Zero to One will help you escape the world of the incremental and open your mind to truly learn how to think new.

5. Hooked: How to Build Habit-Forming Products

Why it’s great for Leveling Up PM’s: Every Product Manager wants to build products that their users love, tell their friends about, and can’t stop using.

In Hooked, author Nir Eyal explores what exactly makes Products habit-forming. He shares his “Hook Cycle” and how you can build it into the Products you manage. As you grow as a Product Manager, make sure your users and customers are Hooked.

6. Nudge: Improving Decisions About Health, Wealth, and Happiness

Why it’s great for Leveling Up PM’s: As a Leveling-Up Product Manager, it becomes increasingly valuable to understand psychology and economics. Why do people do what they do (even if those decisions are not in their best interests) and how can you steer them to make better choices?

Nudge explores how we make the big (think 401k) and little (what’s for lunch?) decisions every day and how we, as architects of the systems people use, can steer those decision-makers towards better outcomes.

Note: There is a darkside of this world (see: Dark Patterns), but Nudge can help you stay in the light and make the world a better place with seemingly simple, but thought-out design and product architecture decisions.

7. Contagious: Why Things Catch On

Why it’s great for Leveling Up PM’s: Similar to HookedContagious an important read to understand how you can increase the virality of the products you build. However, Contagious focuses more on why people recommend, share, and talk about products or content with their peer networks.

While Contagious at times steers more into the world of marketing and messaging than Product Development, these are important skills to acquire for your Product Management toolkit as you level up.


Top Books for Advanced Product Managers (>5 years)

8. Measure What Matters: How Google, Bono, and the Gates Foundation Rock the World with OKRs

Why it’s great for Advanced PM’s: If you’ve succeeded as a Product Manager, you’ve certainly set goals and tracked metrics for the products you manage. But how exactly did you set those goals? Venture Capitalist and Silicon Valley Legend John Doerr shares a framework called OKRs that he originally found being used at Intel. He then brought that method to Google in its formative years, and the rest is history.

Now that you’re a Product leader, read Measure What Matters and set Objectives that matter to your business and back them up with the Key Results that tell you clearly if you succeeded or not. Don’t be fooled by the simplicity of this model, it’s incredibly valuable.

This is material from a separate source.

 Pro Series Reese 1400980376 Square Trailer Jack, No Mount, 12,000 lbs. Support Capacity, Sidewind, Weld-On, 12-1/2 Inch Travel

9. Evergreen: Cultivate the Enduring Customer Loyalty That Keeps Your Business Thriving

Why it’s great for Advanced PM’s: How are some companies (and their products) able to engender sustained loyalty, while others struggle to keep customers even lightly engaged after their first interaction or purchase? Author Noah Fleming explores that important question and many more in Evergreen.

As an Advanced PM, you need to be thinking not only about the loyalty or the retention rate for your specific product, but also the loyalty a customer has to your brand and your business. You need to think globally or you’ll find yourself on the “new customer treadmill”.

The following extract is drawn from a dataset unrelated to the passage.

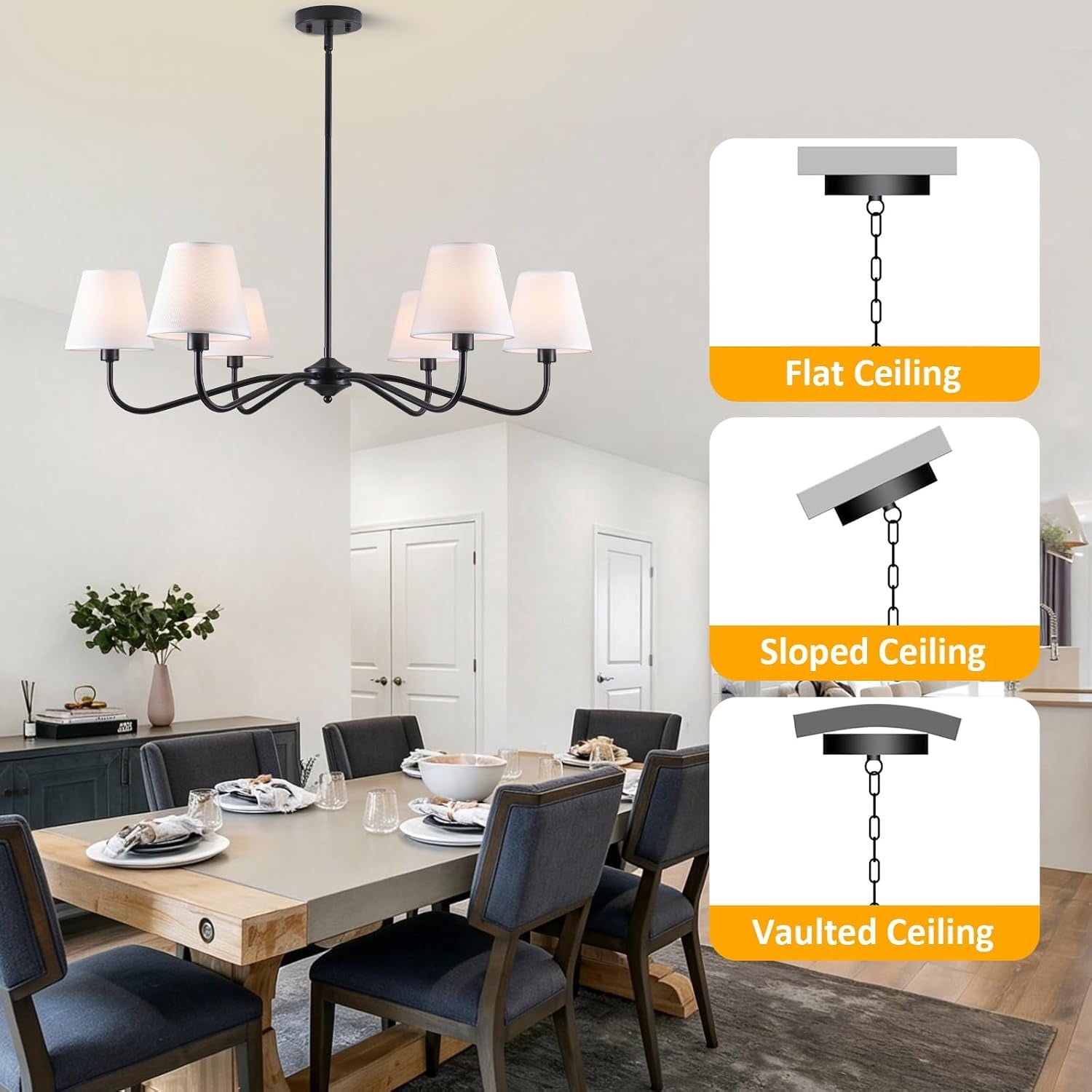 Charcoal 35.82 Inch Elegant Living Room Chandelier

10. The Master Switch: The Rise and Fall of Information Empires

Why it’s great for Advanced PM’s: In The Master Switch, author Tim Wu explores a fascinating (and truly terrifying) trend where every technology begins in an open and chaotic marketplace before eventually growing to be dominated by a monopolist or cartel.

Is this the future for the Internet and Tech companies too? Although this book is a few years old, it’s lessons are still valuable to understand today.

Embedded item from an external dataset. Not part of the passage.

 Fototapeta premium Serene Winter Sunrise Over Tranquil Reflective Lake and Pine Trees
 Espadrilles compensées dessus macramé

As an Advanced PM, The Master Switch may not provide you any tips and tricks to implement tomorrow, but it will open your mind to the macro trends of how technology changes over time.

Honorable Mention

Building Insanely Great Products: https://amzn.to/2NWOHrO

Along the way of David Fradin’s failures and successes, he identified six key areas that must be focused on to accomplish product and/or service success. He discusses all of them in this book, so you do not have to repeat the mistakes he made and you can learn what works.